Traducendo Brecht
Data: 04 Agosto 2013
Autore: Franco Fortini
Un grande temporale per tutto il pomeriggio si è attorcigliato sui tetti prima di rompere in lampi, acqua.
Fissavo versi di cemento e di vetro dov’erano grida e piaghe murate e membra anche di me, cui sopravvivo. Con cautela, guardando ora i tegoli battagliati ora la pagina secca, ascoltavo morire la parola d’un poeta o il mutarsi in altra, non per noi più, voce. Gli oppressi sono oppressi e tranquilli, gli oppressori tranquilli parlano nei telefoni, l’odio è cortese, io stesso credo di non sapere più di chi è la colpa.
Scrivi mi dico, odia chi con dolcezza guida al niente gli uomini e le donne che con te si accompagnano e credono di non sapere. Fra quelli dei nemici scrivi anche il tuo nome. Il temporale è sparito con enfasi. La natura per imitare battaglie è troppo debole. La poesia non muta nulla. Nulla è sicuro, ma scrivi.
Fortini, che traduce Brecht poco prima della sua morte, alla fine degli anni 50, tende a riaffermare la forza del messaggio Brechtiano.
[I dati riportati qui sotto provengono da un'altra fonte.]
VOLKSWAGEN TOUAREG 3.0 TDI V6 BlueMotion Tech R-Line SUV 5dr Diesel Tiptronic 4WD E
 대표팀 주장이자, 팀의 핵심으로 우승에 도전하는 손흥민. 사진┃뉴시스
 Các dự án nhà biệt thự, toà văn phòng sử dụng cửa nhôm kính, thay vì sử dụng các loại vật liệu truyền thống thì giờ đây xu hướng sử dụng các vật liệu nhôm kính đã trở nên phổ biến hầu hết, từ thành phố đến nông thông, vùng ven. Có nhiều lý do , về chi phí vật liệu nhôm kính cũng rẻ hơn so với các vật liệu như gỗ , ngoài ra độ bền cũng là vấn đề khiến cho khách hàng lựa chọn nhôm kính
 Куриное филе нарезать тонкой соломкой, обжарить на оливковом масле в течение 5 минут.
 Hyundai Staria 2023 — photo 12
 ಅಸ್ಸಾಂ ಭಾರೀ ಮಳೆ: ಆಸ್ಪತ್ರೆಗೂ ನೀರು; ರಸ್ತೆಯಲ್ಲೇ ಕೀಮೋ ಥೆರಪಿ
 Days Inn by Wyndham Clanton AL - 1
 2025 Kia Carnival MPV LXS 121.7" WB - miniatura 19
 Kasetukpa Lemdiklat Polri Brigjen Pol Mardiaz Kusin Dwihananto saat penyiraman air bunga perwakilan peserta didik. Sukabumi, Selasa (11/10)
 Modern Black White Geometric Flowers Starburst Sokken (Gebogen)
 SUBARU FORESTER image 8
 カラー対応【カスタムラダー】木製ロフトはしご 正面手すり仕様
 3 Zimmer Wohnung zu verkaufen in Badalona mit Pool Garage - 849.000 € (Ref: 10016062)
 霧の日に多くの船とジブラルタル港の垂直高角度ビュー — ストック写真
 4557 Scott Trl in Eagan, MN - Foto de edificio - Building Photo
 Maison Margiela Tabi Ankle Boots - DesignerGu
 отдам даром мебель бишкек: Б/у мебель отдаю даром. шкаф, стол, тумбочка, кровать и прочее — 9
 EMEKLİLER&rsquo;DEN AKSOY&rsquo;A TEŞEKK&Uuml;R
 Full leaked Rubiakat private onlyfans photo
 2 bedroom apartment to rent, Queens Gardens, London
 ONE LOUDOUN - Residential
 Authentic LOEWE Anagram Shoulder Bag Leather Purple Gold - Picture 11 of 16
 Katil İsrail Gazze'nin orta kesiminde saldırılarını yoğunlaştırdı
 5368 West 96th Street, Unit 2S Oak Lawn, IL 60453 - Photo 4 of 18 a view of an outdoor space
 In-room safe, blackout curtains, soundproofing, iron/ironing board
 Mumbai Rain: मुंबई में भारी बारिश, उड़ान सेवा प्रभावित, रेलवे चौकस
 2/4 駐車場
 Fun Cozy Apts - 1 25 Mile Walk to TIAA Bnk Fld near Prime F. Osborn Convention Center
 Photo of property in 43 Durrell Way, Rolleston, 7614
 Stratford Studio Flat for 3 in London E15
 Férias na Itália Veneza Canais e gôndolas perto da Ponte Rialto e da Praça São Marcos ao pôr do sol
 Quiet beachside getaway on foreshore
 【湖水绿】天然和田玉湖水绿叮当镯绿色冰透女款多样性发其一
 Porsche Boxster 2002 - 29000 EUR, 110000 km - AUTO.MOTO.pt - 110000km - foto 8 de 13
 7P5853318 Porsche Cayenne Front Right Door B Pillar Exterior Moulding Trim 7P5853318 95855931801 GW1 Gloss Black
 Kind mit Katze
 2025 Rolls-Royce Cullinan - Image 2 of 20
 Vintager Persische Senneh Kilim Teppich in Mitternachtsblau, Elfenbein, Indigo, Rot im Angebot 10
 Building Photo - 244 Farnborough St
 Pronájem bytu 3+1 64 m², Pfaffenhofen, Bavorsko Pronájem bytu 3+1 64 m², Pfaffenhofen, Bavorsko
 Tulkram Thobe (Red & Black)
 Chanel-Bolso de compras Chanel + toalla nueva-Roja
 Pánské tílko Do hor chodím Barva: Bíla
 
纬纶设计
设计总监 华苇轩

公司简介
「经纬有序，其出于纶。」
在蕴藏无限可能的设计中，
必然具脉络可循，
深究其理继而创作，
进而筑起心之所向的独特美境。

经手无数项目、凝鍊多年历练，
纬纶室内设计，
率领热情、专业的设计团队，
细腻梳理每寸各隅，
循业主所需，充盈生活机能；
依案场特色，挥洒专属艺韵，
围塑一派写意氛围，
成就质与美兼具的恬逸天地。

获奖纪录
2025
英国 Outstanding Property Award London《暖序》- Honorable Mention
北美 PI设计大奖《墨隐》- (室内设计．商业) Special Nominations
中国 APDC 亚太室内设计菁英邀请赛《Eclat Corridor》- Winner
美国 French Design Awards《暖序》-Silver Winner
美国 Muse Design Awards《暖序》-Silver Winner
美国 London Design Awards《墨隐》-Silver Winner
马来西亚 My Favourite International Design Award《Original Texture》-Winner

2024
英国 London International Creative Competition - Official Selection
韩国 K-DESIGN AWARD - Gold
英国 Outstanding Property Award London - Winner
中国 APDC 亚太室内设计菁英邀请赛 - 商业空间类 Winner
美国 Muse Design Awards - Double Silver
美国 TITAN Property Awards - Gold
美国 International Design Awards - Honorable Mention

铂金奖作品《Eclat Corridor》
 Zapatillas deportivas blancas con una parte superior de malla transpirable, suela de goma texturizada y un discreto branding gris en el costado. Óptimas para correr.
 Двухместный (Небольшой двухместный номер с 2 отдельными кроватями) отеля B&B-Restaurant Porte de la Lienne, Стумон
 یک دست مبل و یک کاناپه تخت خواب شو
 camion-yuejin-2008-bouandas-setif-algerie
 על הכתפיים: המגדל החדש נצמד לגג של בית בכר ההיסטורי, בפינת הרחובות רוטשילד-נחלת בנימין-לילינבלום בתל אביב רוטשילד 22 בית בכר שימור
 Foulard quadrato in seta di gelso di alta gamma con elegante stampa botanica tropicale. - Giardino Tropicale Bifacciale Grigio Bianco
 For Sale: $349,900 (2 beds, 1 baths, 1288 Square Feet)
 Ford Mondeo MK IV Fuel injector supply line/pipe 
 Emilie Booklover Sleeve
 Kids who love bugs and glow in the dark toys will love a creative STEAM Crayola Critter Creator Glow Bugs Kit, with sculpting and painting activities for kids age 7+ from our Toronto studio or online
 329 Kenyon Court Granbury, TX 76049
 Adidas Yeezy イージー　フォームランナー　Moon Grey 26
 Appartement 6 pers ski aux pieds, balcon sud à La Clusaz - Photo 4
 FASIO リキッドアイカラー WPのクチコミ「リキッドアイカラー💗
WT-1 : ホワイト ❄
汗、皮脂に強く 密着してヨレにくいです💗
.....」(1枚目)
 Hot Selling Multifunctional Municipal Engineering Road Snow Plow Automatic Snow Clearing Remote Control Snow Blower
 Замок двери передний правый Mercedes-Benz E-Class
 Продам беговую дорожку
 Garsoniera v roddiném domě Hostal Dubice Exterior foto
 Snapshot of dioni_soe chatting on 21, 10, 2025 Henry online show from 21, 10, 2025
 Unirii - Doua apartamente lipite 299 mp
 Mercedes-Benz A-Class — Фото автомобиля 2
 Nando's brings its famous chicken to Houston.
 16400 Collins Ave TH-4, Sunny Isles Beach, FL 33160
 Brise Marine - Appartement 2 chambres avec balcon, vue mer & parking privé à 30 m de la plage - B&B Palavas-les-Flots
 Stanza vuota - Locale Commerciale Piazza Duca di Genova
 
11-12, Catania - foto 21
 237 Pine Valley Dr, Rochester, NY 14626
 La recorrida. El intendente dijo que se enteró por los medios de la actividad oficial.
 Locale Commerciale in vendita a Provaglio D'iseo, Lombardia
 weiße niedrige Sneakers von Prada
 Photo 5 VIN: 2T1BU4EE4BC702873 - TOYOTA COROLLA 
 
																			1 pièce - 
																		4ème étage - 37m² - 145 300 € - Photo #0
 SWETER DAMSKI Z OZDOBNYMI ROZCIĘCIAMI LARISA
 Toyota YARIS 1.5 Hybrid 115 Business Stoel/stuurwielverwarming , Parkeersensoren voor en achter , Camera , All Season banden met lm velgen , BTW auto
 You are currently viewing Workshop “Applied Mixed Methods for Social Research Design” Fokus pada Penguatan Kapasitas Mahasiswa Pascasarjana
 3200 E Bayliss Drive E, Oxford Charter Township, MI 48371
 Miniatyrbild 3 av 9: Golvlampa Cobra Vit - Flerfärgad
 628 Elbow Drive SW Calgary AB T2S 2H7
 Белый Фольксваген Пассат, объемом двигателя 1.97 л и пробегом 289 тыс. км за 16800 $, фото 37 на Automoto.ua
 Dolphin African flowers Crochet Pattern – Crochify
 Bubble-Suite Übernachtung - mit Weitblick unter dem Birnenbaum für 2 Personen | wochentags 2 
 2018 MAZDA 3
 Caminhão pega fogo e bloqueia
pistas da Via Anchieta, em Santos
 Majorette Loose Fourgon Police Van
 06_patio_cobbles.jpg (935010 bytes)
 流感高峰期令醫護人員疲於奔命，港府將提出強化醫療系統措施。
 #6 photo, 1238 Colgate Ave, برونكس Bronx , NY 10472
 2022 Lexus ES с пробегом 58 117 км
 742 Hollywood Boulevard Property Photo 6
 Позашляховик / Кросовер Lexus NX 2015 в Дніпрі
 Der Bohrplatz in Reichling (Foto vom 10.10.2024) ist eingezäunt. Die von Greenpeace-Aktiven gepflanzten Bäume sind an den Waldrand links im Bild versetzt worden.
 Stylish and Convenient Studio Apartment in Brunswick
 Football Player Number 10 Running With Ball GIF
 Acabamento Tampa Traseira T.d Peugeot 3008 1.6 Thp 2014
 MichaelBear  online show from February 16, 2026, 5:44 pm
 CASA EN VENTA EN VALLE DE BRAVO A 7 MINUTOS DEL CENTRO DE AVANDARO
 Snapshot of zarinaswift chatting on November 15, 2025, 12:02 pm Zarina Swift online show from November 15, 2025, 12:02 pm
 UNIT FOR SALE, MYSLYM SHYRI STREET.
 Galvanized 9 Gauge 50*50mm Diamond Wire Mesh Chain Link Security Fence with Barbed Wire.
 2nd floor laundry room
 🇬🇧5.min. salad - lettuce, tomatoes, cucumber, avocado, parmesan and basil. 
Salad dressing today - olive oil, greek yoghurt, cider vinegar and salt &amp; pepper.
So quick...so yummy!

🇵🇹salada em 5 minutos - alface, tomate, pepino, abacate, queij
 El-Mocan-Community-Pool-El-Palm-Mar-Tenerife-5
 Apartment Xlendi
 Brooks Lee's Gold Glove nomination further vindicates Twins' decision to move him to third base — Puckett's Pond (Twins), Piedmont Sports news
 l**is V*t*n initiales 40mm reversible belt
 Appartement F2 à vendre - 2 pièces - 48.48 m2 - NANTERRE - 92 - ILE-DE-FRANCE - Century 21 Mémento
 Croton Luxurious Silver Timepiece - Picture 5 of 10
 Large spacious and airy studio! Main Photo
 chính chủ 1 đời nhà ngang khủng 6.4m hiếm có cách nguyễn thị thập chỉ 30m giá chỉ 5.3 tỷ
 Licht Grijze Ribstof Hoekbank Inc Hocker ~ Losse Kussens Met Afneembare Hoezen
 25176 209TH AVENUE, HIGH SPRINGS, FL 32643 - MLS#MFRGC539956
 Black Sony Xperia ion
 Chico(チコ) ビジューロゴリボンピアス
Scrivi sapendo che non cambierai il mondo. Scrivi perché sei uomo, scrivi per ribellarti, scrivi anche se nessuno ti leggerà.
Se anche noi, spesso, scriviamo il nostro nome nella lista dei nemici, se nulla è sicuro, nel turbinio degli orientamenti ideologici, non dobbiamo smettere di tentare. Il rischio è sempre quello di perdersi, ma non sarà, almeno secondo la lezione fortiniana – e brechtiana – un perdersi invano.